Um nêutron que encontra um componente eletrônico desencadeia uma carga elétrica parasita. "Ontem, isto era negligenciável. Mas hoje, a carga gerada por este tipo de fenômeno tem a mesma ordem de grandeza que a carga que permite estocar uma informação na memória", acrescentou.

"Estocamos informação com cada vez menos energia elétrica e a vulnerabilidade dos circuitos integrados dobra a cada geração", explicou o pesquisador. Quando se passa involuntariamente de "0" a "1" -- as duas únicas posições consideradas pela informática --, as conseqüências podem ser catastróficas. Isto pode ocorrer quando o erro afeta a função vital de um marca-passo, um trem de alta velocidade ou freios ABS.

Para enfrentar essa ameaça, os construtores aeroespaciais "endureceram" sua eletrônica, multiplicando os circuitos redundantes. Uma solução cara, que pode ser adotada por um avião ou por um satélite, mas aplicá-la a centenas de milhões de telefones celulares seria mais complicado.

Para medir o fenômeno, Autran e sua equipe abriram em 2006 a plataforma ASTEP, sem equivalente no mundo. Embora todas as indústrias trabalhem para resolver o problema, elas preferem fazê-lo sem alarde.

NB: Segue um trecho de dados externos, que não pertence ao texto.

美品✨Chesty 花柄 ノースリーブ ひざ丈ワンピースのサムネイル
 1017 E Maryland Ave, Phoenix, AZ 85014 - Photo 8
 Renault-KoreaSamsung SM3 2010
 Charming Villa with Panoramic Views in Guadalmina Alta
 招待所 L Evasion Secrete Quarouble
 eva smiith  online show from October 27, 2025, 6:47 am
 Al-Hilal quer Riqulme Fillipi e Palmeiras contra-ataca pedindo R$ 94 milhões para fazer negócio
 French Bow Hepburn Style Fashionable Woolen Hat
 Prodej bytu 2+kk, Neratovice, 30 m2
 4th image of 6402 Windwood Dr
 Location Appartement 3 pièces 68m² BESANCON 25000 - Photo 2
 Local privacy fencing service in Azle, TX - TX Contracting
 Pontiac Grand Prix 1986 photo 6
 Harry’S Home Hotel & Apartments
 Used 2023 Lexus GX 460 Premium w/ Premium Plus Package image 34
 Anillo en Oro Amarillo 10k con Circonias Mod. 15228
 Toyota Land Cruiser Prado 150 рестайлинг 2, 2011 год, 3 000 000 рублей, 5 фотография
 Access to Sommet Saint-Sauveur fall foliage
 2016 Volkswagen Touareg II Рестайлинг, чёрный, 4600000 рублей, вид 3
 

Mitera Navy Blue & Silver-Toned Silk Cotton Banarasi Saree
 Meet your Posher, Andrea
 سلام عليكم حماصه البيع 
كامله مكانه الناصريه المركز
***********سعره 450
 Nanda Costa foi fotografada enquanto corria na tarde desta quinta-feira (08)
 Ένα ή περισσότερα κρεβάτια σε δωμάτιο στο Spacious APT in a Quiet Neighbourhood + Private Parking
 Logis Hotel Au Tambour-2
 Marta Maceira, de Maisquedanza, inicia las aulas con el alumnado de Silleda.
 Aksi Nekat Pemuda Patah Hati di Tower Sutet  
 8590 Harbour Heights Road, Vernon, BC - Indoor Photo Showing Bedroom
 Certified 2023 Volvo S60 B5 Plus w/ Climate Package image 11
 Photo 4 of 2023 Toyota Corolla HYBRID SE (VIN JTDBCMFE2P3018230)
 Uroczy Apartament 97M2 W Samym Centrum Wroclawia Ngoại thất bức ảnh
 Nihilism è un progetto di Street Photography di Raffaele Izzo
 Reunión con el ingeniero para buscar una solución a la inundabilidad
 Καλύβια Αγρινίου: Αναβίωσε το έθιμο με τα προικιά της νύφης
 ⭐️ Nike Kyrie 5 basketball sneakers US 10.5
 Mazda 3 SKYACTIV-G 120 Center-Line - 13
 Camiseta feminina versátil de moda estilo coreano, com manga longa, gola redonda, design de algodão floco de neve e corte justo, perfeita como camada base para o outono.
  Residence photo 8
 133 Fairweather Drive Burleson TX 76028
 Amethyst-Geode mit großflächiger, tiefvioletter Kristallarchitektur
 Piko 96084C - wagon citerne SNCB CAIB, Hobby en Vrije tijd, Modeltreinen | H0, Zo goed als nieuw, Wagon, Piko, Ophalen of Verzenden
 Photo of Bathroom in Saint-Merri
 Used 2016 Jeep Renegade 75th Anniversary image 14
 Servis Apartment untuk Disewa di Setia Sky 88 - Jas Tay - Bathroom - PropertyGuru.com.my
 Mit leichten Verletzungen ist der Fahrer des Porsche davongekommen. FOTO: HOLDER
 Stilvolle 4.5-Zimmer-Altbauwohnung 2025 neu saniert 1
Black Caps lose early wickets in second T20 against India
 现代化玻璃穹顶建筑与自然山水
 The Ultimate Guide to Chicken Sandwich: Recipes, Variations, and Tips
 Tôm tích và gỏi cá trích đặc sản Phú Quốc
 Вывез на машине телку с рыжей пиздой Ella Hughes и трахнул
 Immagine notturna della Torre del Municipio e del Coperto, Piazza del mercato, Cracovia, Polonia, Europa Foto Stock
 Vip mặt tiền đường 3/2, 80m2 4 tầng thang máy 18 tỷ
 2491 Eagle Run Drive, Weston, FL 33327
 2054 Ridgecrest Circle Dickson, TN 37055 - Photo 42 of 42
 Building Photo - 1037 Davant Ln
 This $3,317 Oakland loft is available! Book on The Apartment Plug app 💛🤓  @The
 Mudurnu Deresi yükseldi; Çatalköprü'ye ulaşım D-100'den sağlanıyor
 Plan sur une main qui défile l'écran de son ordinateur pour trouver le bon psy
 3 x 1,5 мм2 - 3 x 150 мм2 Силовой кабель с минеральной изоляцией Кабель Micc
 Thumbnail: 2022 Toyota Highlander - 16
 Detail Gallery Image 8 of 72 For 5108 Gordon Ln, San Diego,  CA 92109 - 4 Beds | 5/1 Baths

No planalto alpino de Bure, a 2.550 metros de altitude, um centro de testes foi instalado num antigo radiotelescópio. Objetivo: determinar a quantidade de "0" transformado em "1" (e vice-versa) pelos raios cósmicos. Um equipamento similar foi instalado no laboratório em Marselha e um terceiro 550 metros sob a surperfície, no antigo posto de comando das forças estratégicas francesas do planalto de Albion. Neste último local, nenhum erro deverá ser detectado, a não ser aqueles causados pela desintegração radioativa das impurezas das pulgas.